Ses outils de prédilection sont le site carrières, le blog et les réseaux sociaux, l’ambassadorat et la cooptation

Il raisonne en termes de Marque employeur et de Communication RH. Il vise à créer une communauté de talents le plus souvent en veille car encore en poste. Pour ce faire, il visualise le type de profils à attirer et construit les messages et points de contact qui seront performants.

Surtout, il anticipe ses futurs besoins, ne travaille pas dans l’urgence et va entretenir des relations sur la durée en entretenant un vivier de candidats potentiels, même s’il n’a pas de postes à leur proposer.

Ce choix de posture est particulièrement pertinent et efficace dans le cadre de recrutements récurrents, sur des postes polyvalents ou nécessitant plutôt un potentiel, des talents pour évoluer dans un contexte mouvant et mettre à jour ses compétences en permanence.

Évidemment, la meilleure option est d’articuler ces deux approches

Ces deux postures ont leurs forces, mais elles ont aussi leurs faiblesses si on oublie de les combiner dans le cadre d’une stratégie sur-mesure : faire preuve de souplesse et de rapidité pour trouver rapidement des candidats au profil très spécifique, tout en adoptant une stratégie à long terme pour nourrir les RH de profils résilients et intéressants.

Créer un vivier de candidats nécessite une relation durable avec sa communauté de talents. Pour cela, il faut comprendre leurs attentes, et les points de correspondance possibles avec les atouts de l’entreprise. Il faut aussi comprendre et mettre en avant les valeurs, les fonctionnements, l’identité de l’entreprise auprès des candidats potentiels. Et surtout, il est indispensable de trouver ce qui est susceptible d’intéresser ces candidats potentiels, puisqu’il s’agit de leur offrir autre chose qu’un emploi. L’avantage sera aussi que ces candidats apprendront progressivement à bien connaitre l’entreprise, et que leur décision de postuler sera motivée par des raisons objectives.
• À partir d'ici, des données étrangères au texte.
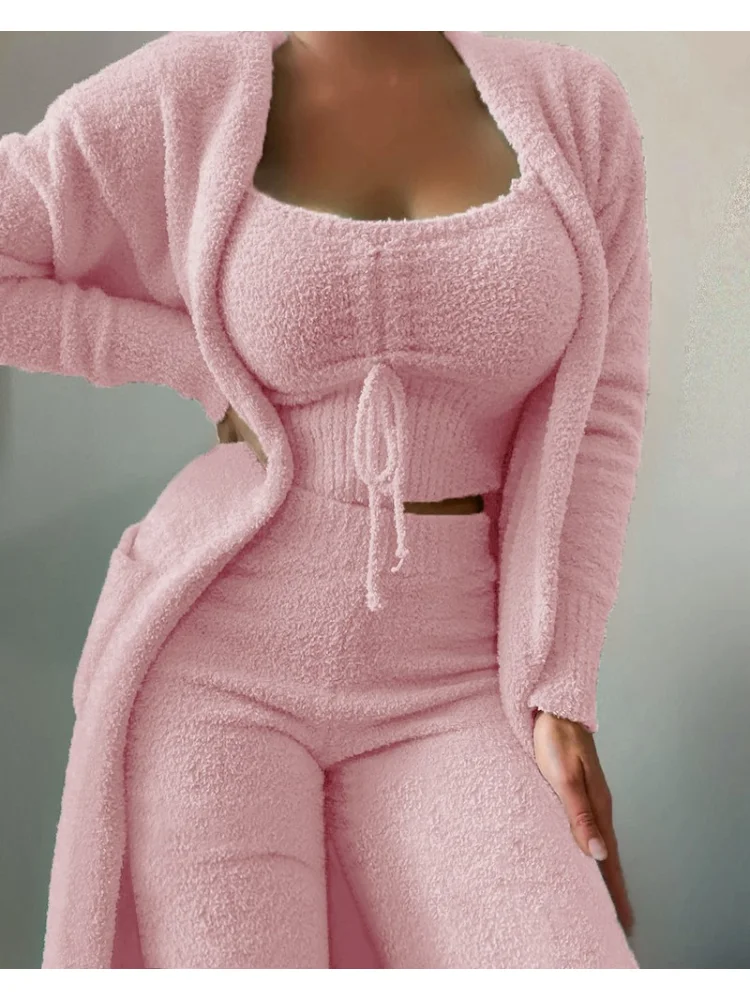 Plush Pajamas 3 Piece Set 2022 Autumn Winter Women Drawstring Vest Crop Tops Pants Long Sleeve Cardigan Home Suits Matching Sets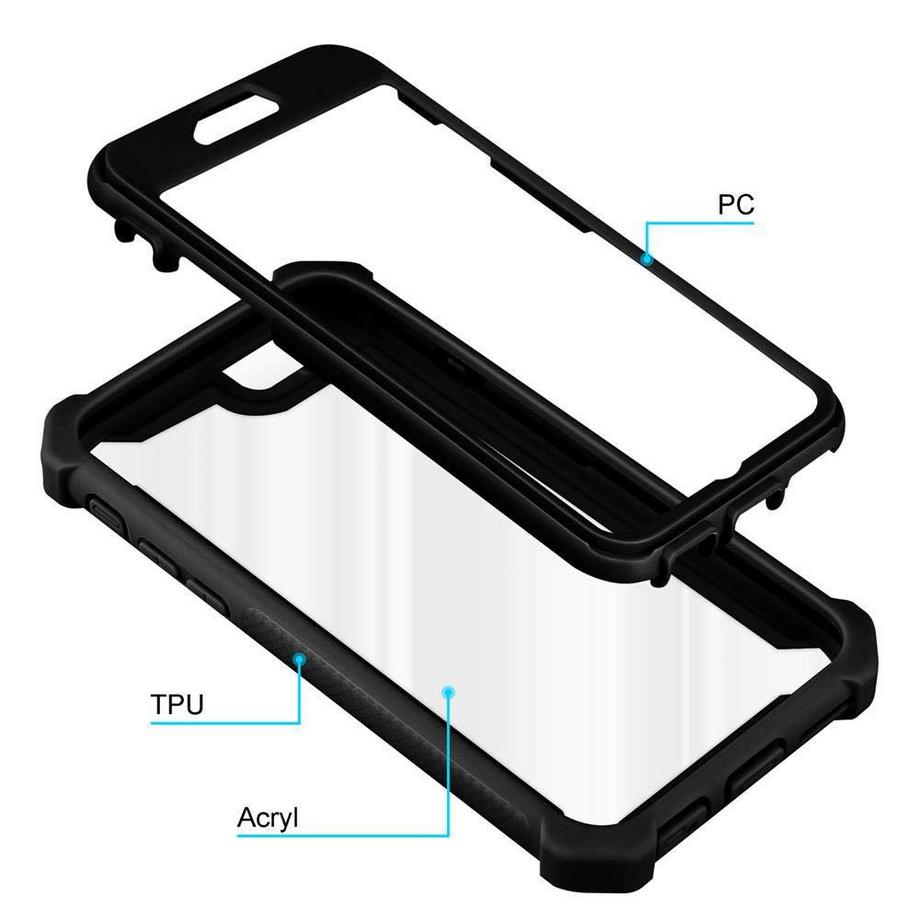 Cadorabo  Housse compatible avec Apple iPhone 6 / 6S - Coque de protection 2 en 1 avec bord en silicone TPU et dos en verre acrylique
Sourcer les profils peut et doit s’appuyer sur les communautés. Mais cela permet aussi d’alimenter son vivier de candidat. Le sourcing et l’approche directe, parfois indispensables, peuvent aller “piocher” dans une communauté déjà établie. Ne pas oublier non plus que la façon d’écrire une annonce ou d’approcher un talent rejaillit sur la réputation de l’entreprise, et donc sa marque employeur.

Adopter une démarche de Marketing RH pour identifier, construire et développer sa Marque employeur

Si vous réalisez que vous êtes plutôt un recruteur chasseur/cueilleur, vous pouvez améliorer vos pratiques en ajoutant de nouveaux éléments complémentaires à votre processus existant.
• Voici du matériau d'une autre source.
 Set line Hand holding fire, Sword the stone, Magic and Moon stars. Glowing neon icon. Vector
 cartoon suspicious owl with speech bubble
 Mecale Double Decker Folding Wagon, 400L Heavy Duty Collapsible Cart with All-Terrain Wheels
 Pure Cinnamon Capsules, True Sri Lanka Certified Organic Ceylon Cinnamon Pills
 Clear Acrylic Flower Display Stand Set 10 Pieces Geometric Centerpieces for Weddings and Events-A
C’est ici que le Marketing RH va vous aider à rendre votre démarche plus durable :

    1. Auditer la marque employeur réelle
    2. Identifier les critères qui font l’identité de l’entreprise, et ses atouts
    3. Construire un plan d’action pour que le message soit relayé sur les bons points de contact, trouver ce qui peut intéresser ces candidats
    4. Animer la production de contenus, en échangeant régulièrement avec sa communauté

    Que vous soyez chasseur/cueilleur ou agriculteur, vous tirerez donc le meilleur parti de vos efforts de recrutement en comprenant quel type de recruteur vous êtes et en adaptant votre stratégie en conséquence.